Triple Decomposition of Unsteady Flow in a Low-Speed Mixed-Flow Fan

Abstract

Numerous studies (including theoretical modeling, numerical simulation, and experimental measurement) have confirmed that wake interaction is a primary factor affecting tonal and broadband noise emitted by aeroengine fans. The knowledge and techniques derived from these studies have often been applied to analyze and control the aerodynamic noise of low-speed axial/mixed-flow fans used in ventilation and cooling applications. Despite the structural similarity between aeroengine fans and axial-flow fans for ventilation and cooling, the differences in their rotor–stator spacing and operating parameters raise the question of whether or not they share completely identical or approximately similar unsteady flow and noise generation mechanisms. In this paper, we employ a large-eddy simulation to investigate the low-speed unsteady flow inside a mixed-flow fan. The triple decomposition method is used to analyze the spatiotemporal characteristics of the time-averaged, ensemble-averaged, and stochastic fluctuation velocities and pressures in both stationary and rotating coordinate systems.
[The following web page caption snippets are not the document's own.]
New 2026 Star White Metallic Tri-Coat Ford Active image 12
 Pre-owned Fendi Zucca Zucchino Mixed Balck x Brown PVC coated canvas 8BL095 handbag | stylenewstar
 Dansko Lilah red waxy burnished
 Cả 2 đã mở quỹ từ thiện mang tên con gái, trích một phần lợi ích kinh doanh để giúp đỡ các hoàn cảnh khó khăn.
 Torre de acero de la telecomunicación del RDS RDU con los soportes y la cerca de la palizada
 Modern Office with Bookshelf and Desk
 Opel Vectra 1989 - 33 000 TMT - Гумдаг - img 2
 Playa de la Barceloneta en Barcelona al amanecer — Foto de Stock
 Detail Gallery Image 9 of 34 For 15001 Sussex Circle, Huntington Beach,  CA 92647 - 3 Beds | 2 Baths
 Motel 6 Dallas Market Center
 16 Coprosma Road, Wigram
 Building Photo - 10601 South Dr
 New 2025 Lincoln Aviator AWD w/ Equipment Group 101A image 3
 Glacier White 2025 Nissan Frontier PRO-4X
The results show that the unsteady flow and noise generation mechanisms inside the fan investigated in this paper are significantly different from those of aeroengine fans, mainly due to two aspects. First, the wake effect on the velocity field of the fan studied in this paper is almost negligible, and the potential interaction is the primary source of the nonuniform spatial distribution of the time-averaged velocity field and the periodic velocity disturbance. Second, the turbulent energy spectrum of the stochastic fluctuation velocity is greatly distinct from the classic turbulence spectra in the low-frequency bands.